I have the opportunity and blessing to talk to many teenagers who are currently experiencing the same emotions I experienced several years ago. When they swear, I understand and don't ask them to stop. Words have a purpose and oftentimes, the words teenagers seem to casually throw around are chosen intentionally to demonstrate the feelings they do not know how to otherwise express. I never want to limit how a person feels they can convey themselves to me, especially when we are discussing something as serious as emotions.

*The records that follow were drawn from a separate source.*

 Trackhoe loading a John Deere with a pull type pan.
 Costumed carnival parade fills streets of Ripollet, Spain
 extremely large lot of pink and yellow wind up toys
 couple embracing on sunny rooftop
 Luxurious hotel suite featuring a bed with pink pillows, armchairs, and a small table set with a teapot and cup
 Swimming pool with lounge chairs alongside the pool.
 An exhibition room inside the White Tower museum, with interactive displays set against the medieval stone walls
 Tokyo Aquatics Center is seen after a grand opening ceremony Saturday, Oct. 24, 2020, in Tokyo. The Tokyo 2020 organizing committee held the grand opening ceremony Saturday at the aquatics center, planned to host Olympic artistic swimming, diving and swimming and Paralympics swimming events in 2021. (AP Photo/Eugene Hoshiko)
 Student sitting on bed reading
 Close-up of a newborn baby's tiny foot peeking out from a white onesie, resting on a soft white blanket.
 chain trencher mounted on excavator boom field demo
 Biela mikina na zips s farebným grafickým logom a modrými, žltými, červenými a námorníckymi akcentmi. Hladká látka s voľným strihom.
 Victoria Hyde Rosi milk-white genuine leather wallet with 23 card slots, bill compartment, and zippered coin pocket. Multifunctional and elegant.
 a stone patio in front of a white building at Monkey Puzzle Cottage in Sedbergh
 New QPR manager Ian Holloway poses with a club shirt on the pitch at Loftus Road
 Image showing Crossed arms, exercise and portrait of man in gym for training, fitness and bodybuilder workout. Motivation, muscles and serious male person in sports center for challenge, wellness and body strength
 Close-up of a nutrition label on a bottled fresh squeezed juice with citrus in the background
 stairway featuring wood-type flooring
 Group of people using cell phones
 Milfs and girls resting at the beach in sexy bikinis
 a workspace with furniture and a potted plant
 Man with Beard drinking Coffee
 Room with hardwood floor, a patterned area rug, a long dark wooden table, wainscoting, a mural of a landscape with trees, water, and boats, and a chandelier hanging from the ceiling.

However, to ignore the Scripture's words for the sake of “expression” would be a mistake. In Ephesians 4, Paul says that “That, however, [sin] is not the way of life you learned when you heard about Christ and were taught in him in accordance with the truth that is in Jesus. You were taught, with regard to your former way of life, to put off your old self, which is being corrupted by its deceitful desires; to be made new in the attitude of your minds; and to put on the new self, created to be like God in true righteousness and holiness. Therefore each of you must put off falsehood and speak truthfully to your neighbor, for we are all members of one body. “In your anger do not sin”: Do not let the sun go down while you are still angry, and do not give the devil a foothold. Anyone who has been stealing must steal no longer, but must work, doing something useful with their own hands, that they may have something to share with those in need. Do not let any unwholesome talk come out of your mouths, but only what is helpful for building others up according to their needs, that it may benefit those who listen. And do not grieve the Holy Spirit of God, with whom you were sealed for the day of redemption. Get rid of all bitterness, rage and anger, brawling and slander, along with every form of malice. Be kind and compassionate to one another, forgiving each other, just as in Christ God forgave you.” (emphasis added)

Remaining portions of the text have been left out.